Quelques recherches nous apprennent qu’il existe fort peu de livres sur un des meilleurs footballeurs néerlandais de tous les temps. C’est étrange pour un pays qui aime autant la lecture, un pays où les biographies d’anciens footballeurs se succèdent à un rythme soutenu. Rien que l’année dernière, on a sorti la biographie d’Andy van der Meijde, de Wim Kieft, de Gerrie Mühren, de Jan van Beveren, de Jan Boskamp et de Ronald Koeman, souvent rédigée avec la collaboration du footballeur en question. Rien de tel avec San Marco. Déjà durant sa carrière, les interviews ne l’intéressaient pas. Tout cela en valait-il vraiment la peine ? Il ne s’est nullement départi de son dédain au terme de sa carrière. Jamais il n’a voulu participer à la rédaction d’une biographie.  » Tu la feras toi-même « , s’est gentiment entendu dire l’auteur Johan Faber quand il a tenté de gagner Van Basten à sa cause, pour le livre  » Le Mystère Marco « , publié en 2004. Every man is wise until he speaks, déclare Faber dans son préambule, mais il sait pertinemment qu’il n’y a pas que ça en Van Basten.

 » Plus que n’importe quel autre footballeur néerlandais, il a toujours paru insondable, entouré d’une aura de mystère. Je n’étais pas le seul à le penser, comme je l’ai constaté en en parlant avec des amis ou des collègues. Marco avait quelque chose qu’il était difficile de décrire par des mots. J’ai fait un calcul mental. Il a été un des meilleurs footballeurs néerlandais de tous les temps. Avec quelques autres, il a mené les Pays-Bas vers leur seul titre international. Son palmarès est plus qu’impressionnant, à l’Ajax comme à l’AC Milan. Il a inscrit des buts légendaires. Sa carrière a pris fin de manière tragique, à cause d’une blessure chronique. Ce sont des faits qui, un par un, méritent tous un livre. Mais il y avait autre chose, un aspect indéfinissable. Ça n’avait rien à voir avec ses adieux prématurés au football, avec les prix qu’il avait gagnés ni avec ses buts. Marco était… un mystère.  »

Un père exigeant

Une recherche sur YouTube nous fournit rapidement une photo de Joop van Basten, le père de Marco. Nous le voyons ouvrir la porte de l’ancienne chambre de son fils, dans le flat familial, situé Johan Wagenaarkade à Utrecht. La lentille de la caméra enregistre ensuite rien moins qu’un mini-musée. La chambre est remplie de T-shirts, de coupes, de médailles, de photos… Les souvenirs d’une grande carrière. Joop :  » Il s’en fout. Quand il me rend visite, il ne va jamais jeter un coup d’oeil dans la chambre, pour voir comment elle est arrangée. C’est moi qui ai tout fait. Si ça n’avait tenu qu’à lui… Il ne voit pas l’utilité de tous ces souvenirs.  »

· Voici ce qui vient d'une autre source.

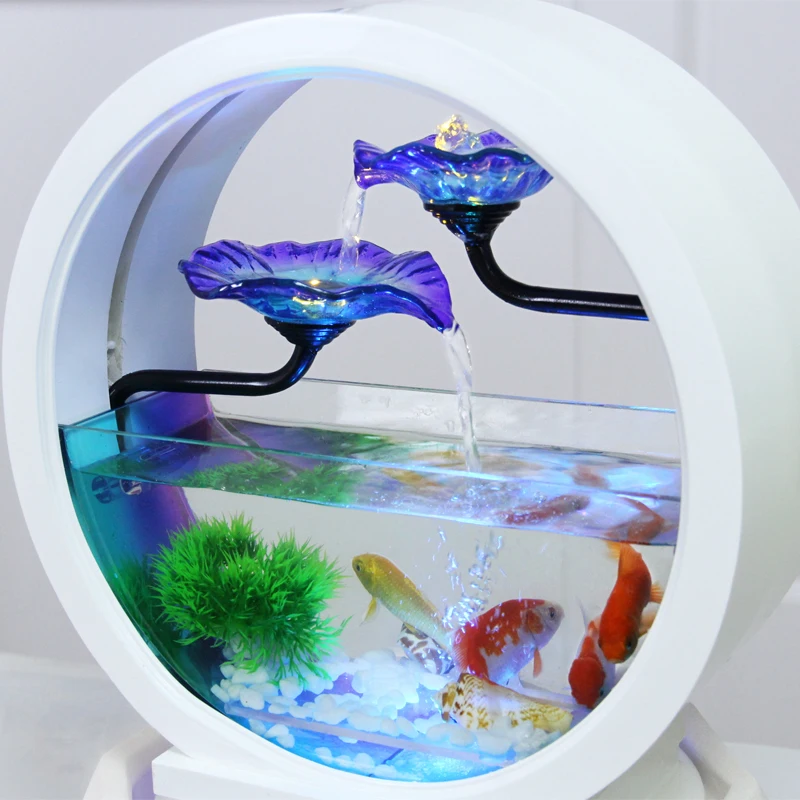 diamante tanque de peixes de vidro pétala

Joop, décédé l’été dernier à 84 ans, a été déterminant dans la carrière footballistique de Van Basten. Si celui-ci a dû effectuer un pas en arrière récemment, en renonçant au poste d’entraîneur principal de l’AZ, c’est sans doute à cause du décès de son père car ses palpitations cardiaques ont commencé quelques semaines après. Dans le livre  » Le Mystère Marco « , le père, un ancien défenseur, est pourtant décrit comme un homme dominateur, qui a souvent été très dur envers son fils cadet.  » Tu joues à nouveau comme un lapin « , criait-il avec la rudesse typique des Utrechtois.  » Marco en était malade « , témoigne son frère aîné, Stanley.  » Il était au bord des larmes dans le living. Il criait : -Je fais de mon mieux mais ce n’est jamais assez bien ! Puis il se murait dans un profond silence pendant des heures. Il se renfermait dans sa coquille.  »

Joop était un père très exigeant. Il a raconté à maints journalistes néerlandais une anecdote qui s’est déroulée pendant un match de pupilles. D’un coup, il y a eu une averse de grêle. Marco s’est enfui et a cherché un abri auprès de son père, dans la tribune couverte. Joop a éclaté.  » Si tu ne remontes pas sur le terrain, je t’y expédies à coups de pieds « , a-t-il hurlé. Marco y est retourné. Même quand Marco était brutalisé par son adversaire direct et voulait sortir, à moitié estropié, son père le renvoyait sans pitié sur le terrain.  » Rends les coups, ne te laisse pas faire.  »

A l’attaque, sinon rien

Le père Van Basten voulait que Marco joue en attaque, la meilleure place dans une équipe, selon lui. Au bout d’un certain temps, le jeune joueur aurait préféré évoluer dans l’entrejeu, afin d’être davantage au contact du ballon et de pouvoir réaliser des actions. C’était sans compter avec Joop. Il devait devenir avant, point à la ligne.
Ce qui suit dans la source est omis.